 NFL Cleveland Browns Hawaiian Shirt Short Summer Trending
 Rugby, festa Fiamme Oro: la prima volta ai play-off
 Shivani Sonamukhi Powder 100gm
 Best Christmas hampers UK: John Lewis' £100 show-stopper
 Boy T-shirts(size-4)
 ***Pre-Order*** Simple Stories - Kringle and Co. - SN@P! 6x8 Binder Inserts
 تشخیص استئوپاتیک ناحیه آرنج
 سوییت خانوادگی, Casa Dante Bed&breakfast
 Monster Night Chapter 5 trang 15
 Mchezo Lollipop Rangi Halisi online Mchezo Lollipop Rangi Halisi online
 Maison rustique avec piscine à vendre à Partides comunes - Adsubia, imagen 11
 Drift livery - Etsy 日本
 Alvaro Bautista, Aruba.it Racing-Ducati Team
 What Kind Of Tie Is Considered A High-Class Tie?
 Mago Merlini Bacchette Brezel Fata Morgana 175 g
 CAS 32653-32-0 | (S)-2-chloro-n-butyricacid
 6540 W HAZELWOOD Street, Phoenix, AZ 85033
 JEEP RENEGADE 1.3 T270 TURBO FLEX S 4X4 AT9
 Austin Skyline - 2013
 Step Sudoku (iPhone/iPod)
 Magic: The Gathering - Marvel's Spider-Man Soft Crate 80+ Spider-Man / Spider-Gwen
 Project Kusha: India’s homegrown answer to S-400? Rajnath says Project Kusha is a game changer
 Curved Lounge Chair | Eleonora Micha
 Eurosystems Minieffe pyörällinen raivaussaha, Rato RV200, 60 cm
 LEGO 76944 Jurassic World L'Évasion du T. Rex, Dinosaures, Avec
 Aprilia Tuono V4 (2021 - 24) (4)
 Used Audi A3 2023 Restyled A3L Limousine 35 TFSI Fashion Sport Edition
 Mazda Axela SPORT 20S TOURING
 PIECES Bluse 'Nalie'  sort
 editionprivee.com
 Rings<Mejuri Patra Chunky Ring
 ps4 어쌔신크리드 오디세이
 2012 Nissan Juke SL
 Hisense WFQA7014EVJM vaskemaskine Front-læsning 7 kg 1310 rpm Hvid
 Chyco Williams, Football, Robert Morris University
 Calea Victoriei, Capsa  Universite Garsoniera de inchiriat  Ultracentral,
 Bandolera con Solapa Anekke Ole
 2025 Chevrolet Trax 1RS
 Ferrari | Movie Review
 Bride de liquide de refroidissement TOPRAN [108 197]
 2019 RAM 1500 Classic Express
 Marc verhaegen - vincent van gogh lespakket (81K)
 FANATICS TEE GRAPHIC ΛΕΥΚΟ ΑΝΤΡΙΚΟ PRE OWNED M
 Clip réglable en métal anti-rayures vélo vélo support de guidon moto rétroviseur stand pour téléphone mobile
——————————
Please return the lines above exactly, from the first one down to the line with "Mchezo Lollipop Rangi Halisi online Mchezo", and stop after that line.

_THE ANSWER_.
 NFL Cleveland Browns Hawaiian Shirt Short Summer Trending
 Rugby, festa Fiamme Oro: la prima volta ai play-off
 Shivani Sonamukhi Powder 100gm
 Best Christmas hampers UK: John Lewis' £100 show-stopper
 Boy T-shirts(size-4)
 ***Pre-Order*** Simple Stories - Kringle and Co. - SN@P! 6x8 Binder Inserts
 تشخیص استئوپاتیک ناحیه آرنج
 سوییت خانوادگی, Casa Dante Bed&breakfast
 Monster Night Chapter 5 trang 15
 Mchezo Lollipop Rangi Halisi online Mchezo Lollipop Rangi Halisi online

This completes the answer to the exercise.